Der designierte Aufsichtsratschef und Ex-Finanzvorstand Pötsch soll laut Presseberichten (z.B. http://www.finanzen.net/nachricht/aktien/Designierter-Aufsichtsratschef-sieht-wohl-VW-in-Existenz-bedroht-4543808) durchaus eine existenzbedrohende Krise sehen. Vielleicht bin ich naiv und kann den Schaden nicht richtig überblicken, aber mir fehlt dafür der rechte Glaube. Die Erfahrungen wie bei BP haben gezeigt, dass sich solche Krisen cash-flow mäßig über einige Jahre strecken und so leichter bewältigt werden können. VW sitzt hingegen heute schon auf so viel Liquidität, dass der Schaden sofort geschultert werden könnte. Anders sieht es natürlich mit den ambitionierten Investitionsplänen aus, um der größte Autobauer der Welt zu werden. Deshalb konzentriere ich mich auf die Hybridanleihe, da ist das Überleben das A und O und nicht die darüber hinausgehende Bewertung der Zukunftsaussichten.
Rendite
Die laufende Verzinsung bis 2023 bezogen auf den aktuellen Kurs beträgt rund 5,6% p.a. Die Verzinsung danach ist ungewiss, da man nicht wissen kann, wo die Swap Sätze dann sein werden. Ich gehe aber davon aus, dass die Verzinsung nicht niedriger sein wird als heute. Unterstellt man stattdessen für das Jahr 2023 eine Kündigung durch VW und die entsprechende Rückführung zu 100% ergibt seine eine Rendite von 6,6% p.a.

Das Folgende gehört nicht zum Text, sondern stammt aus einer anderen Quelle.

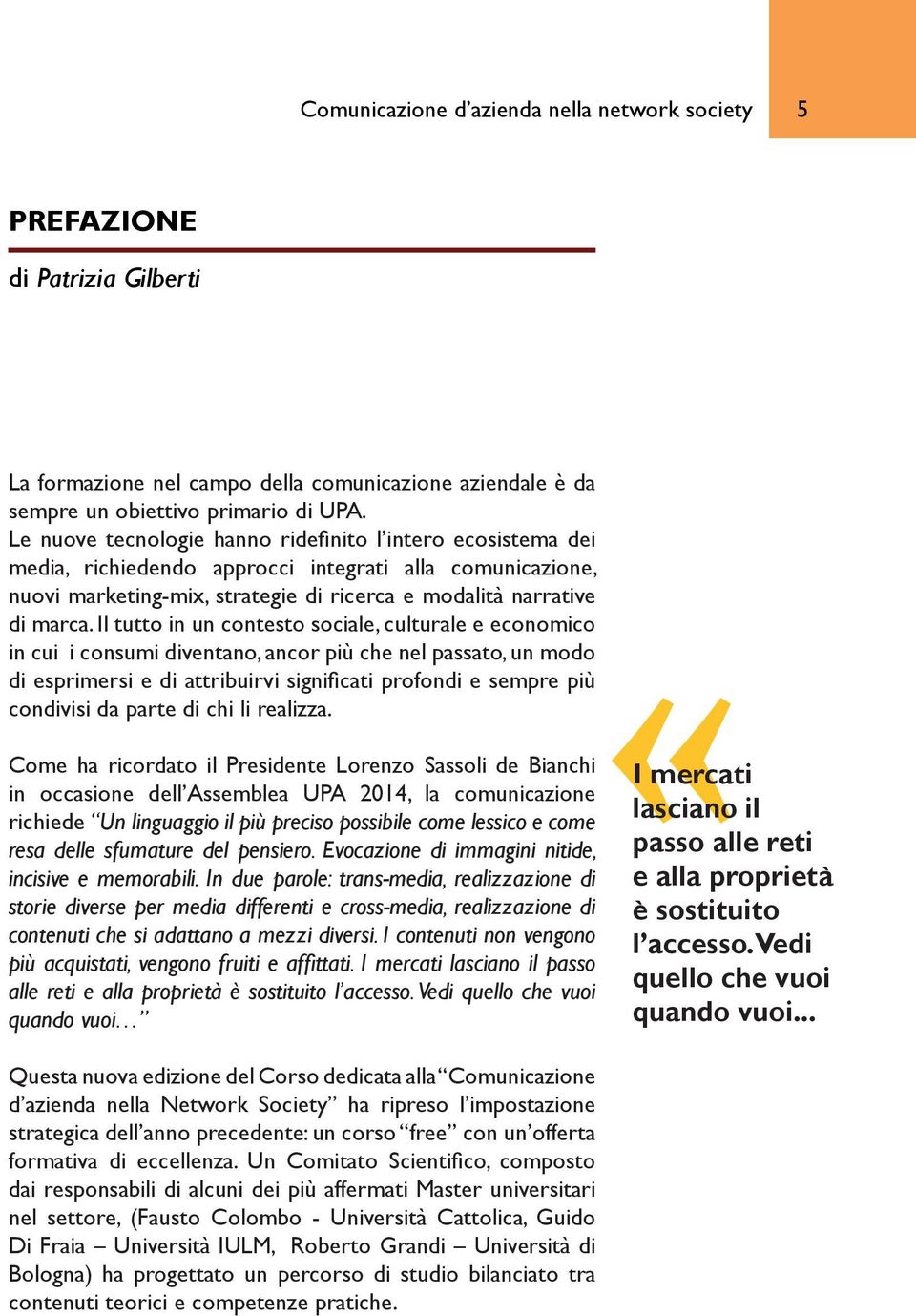 Il tutto in un contesto sociale, culturale e economico in cui i consumi diventano, ancor più che nel passato, un modo di esprimersi e di attribuirvi significati profondi e sempre più condivisi da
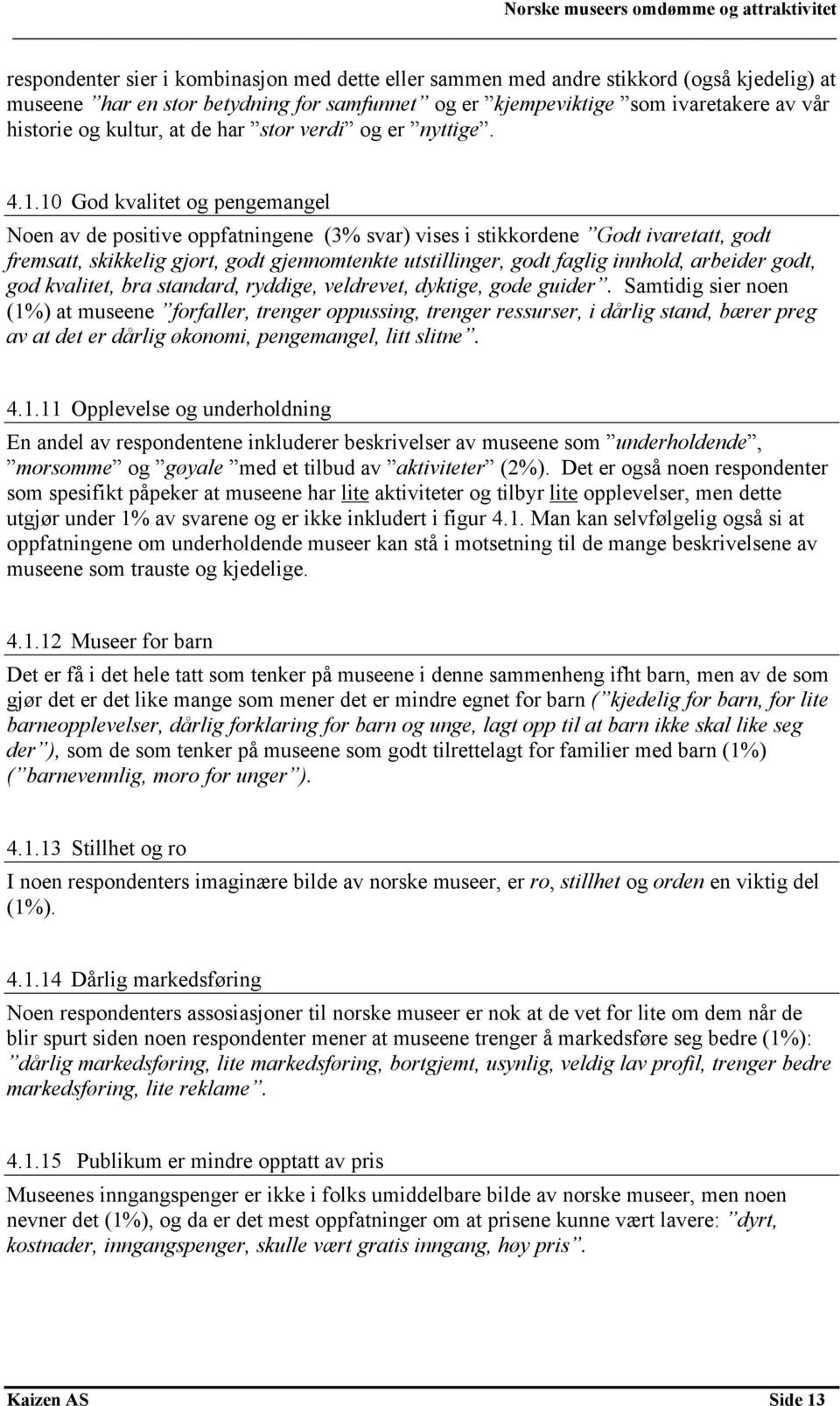 10 God kvalitet og pengemangel Noen av de positive oppfatningene (3% svar) vises i stikkordene Godt ivaretatt, godt fremsatt, skikkelig gjort, godt gjennomtenkte utstillinger, godt faglig innhold,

Die Verzinsung der Anleihe ist für mich damit am unteren Ende meiner langfristigen Zielrendite, aber da es sich eben um eine Anleihe und nicht um eine Aktie handelt, ist die Rendite für mich persönlich durchaus attraktiv. Eine wesentlich höhere Rendite würde sich außerdem ergeben, wenn sich der Sturm z.B. in einem Jahr legt und die Anleihe dann wieder bei 100% notiert. Verkauft man die Anleihe in einem Jahr zu 100% ergäbe sich eine Rendite von rund 15%.
FAZIT
Ich bin schon zweimal mit Unternehmensanleihen kriselnder Unternehmen gut gefahren (BP nach Deepwater Horizon und Nokia vor dem Teilverkauf an Microsoft). VW scheint mir aktuell eine ähnlich günstige Gelegenheit zu bieten, da die Nachrichten katastrophal sind und viele Investoren momentan Unsicherheit per se meiden. Natürlich könnte der Konzern fatal ins straucheln geraten, wenn zu den Belastungen aus dem Abgasskandal z.B. plötzlich noch eine eskalierenden Krise in China oder ähnliches kommen sollte. Andererseits hat BP gezeigt, dass Milliarden schwere Zahlungen über einige Jahre gestreckt werden, einfach weil solche Prozesse Jahre dauern. Andere massive Rückrufe wie z.B. die Zündschlösser von GM, bei denen sogar Menschen ums Leben gekommen sind, haben gezeigt, dass die Konsumenten schnell vergessen und meiner Meinung nach höchstens kurzfristig weniger VWs kaufen werden, als sie es vorher getan haben. Insofern sehe ich das Risiko, dass das gesamte Eigenkapital von VW verschwindet und die Hybridanleihen in die Haftung geraten als überschaubar an. Ich habe deshalb gerade eine erste größere Position geordert und wäre geneigt nachzukaufen, wenn die Kurse weiter sinken, weil die Stimmung schlecht bleibt, ohne dass sich wirklich existenzbedrohendes abzeichnet.